You’ve worked nights for many days this month and at least three weekends in a row on a big project. You’ve shown the commitment and done the time but Peter, the project manager, has called you for a meeting and has started pointing out some errors you made and the things he is not happy with. Here’s the difference between feedback, and feedforward coaching.
Nobody likes to hear about their mistakes. The same goes to the person giving the sometimes necessary negative feedback.
Don’t they know how hard you’ve been working? Doesn’t it matter?
Naturally, you’re not happy with Peter’s focus on what does not work, even though he did sandwich the criticism between two positive comments. The good didn’t seem to matter. Why can’t he see all the work you’ve put in and recognise that?
This is the problem with feedback.
Feedback is typically focused on the past and mostly, on what is not working.
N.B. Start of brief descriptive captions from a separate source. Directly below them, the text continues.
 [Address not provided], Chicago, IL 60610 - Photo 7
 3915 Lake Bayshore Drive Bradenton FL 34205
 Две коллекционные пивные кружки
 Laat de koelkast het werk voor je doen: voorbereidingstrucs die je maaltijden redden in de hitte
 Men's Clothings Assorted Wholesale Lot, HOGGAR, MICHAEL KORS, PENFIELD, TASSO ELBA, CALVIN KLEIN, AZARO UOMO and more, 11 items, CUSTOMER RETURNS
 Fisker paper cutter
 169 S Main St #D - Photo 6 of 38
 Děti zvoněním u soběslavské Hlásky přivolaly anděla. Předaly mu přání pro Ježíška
Managers do not like to provide feedback and faced with the situation, would often sandwich negative feedback between two positive ones. The problem with that is that it has the tendency to reduce the impact of what needs to be said and often enough, comes across inauthentic.
Most of the time, negative feedback is sugarcoated, which can diminish the intended effect and create an environment of misunderstanding.
Looking back or looking forward?
The focus on the past also leaves you feeling disempowered. It has already happened and there’s nothing you can do to change that which naturally brings up a host of negative emotions – you feel helpless, upset, frustrated and uncertain as to how to move ahead.
The question you have to ask yourself is, “Are most people raised to accept criticism well?” You only have to look inward and realise from your own reactions and behaviour that criticism is hard to take. We see criticism as a threat, we get defensive and we react or hit back verbally (sometimes physically).
What’s the point?
The entire point of criticism is to learn from the past and change what we can about future actions. But if people are focused on the wrong things, then everyone loses. The manager does not get a person who has learnt from his mistake and that person is bound to repeat the mistake because he knows what is wrong but not necessarily what is right and what works.
As Joe Hirsch, author of The Feedback Fix : Dump the Past, Embrace the Future and Lead the Way to Change shares, there are three reasons why feedback does not work. First, it shuts down our mental dashboards – i.e. it becomes all about our emotional state and reactivity to what is upon us. Second, it focuses more on ratings than on development. This feels more like a test than a way to improve what we are doing. Finally, feedback reinforces negative behaviour because the focus is on what has happened.
So what can we do when feedback does not work? Here’s a hint: go forward!
This is where feedforward comes in as a bright and workable alternative to giving feedback. Feedforward is future-focused by allowing people to pay attention to what they can do differently in the future. It’s not only about what happened but what can be learnt and then adapted moving forward. It is positive, provides background information and options, makes suggestions for improvement and focuses on developing the person, not just rating them.
It also becomes less about feedback and more about coaching. By involving the person in the feedback loop, he becomes an active participant in the process, thus enabling him to feel more in control. As Marcia Reynolds explained in her article, Why Feedback Doesn’t Work, and What To Do Instead, people want “conversations that pull their ideas out and have their eyes opened to greater possibilities they could explore, not one-way directives focused on what they did wrong”.
Kevin Kruse, NY Times bestselling author (latest book, Employee Engagement 2.0) talks distinctly about feedforward coaching as a great tool for creating a more engaged workforce, specifically that it is a continuous process focused on future performance and career pathing. Engagement is then tied to growth.
How should you start?
- Focus on goals, not standards. This means articulating these at the start and being very clear in your communication about what is expected;
- Let the coaching include career guidance so that you focus on the skills, experience and expertise the individual needs to build upon to do their job.
- Anytime, all the time. Do not limit it to an annual review or set time. The more times these two way communication channels are open, the better the communication of expectations, of problems and issues that need addressing.
In the end, through active participation and a clear focus on the end objectives, you, your peers and managers can come to the realisation that feedforward presents the better alternative.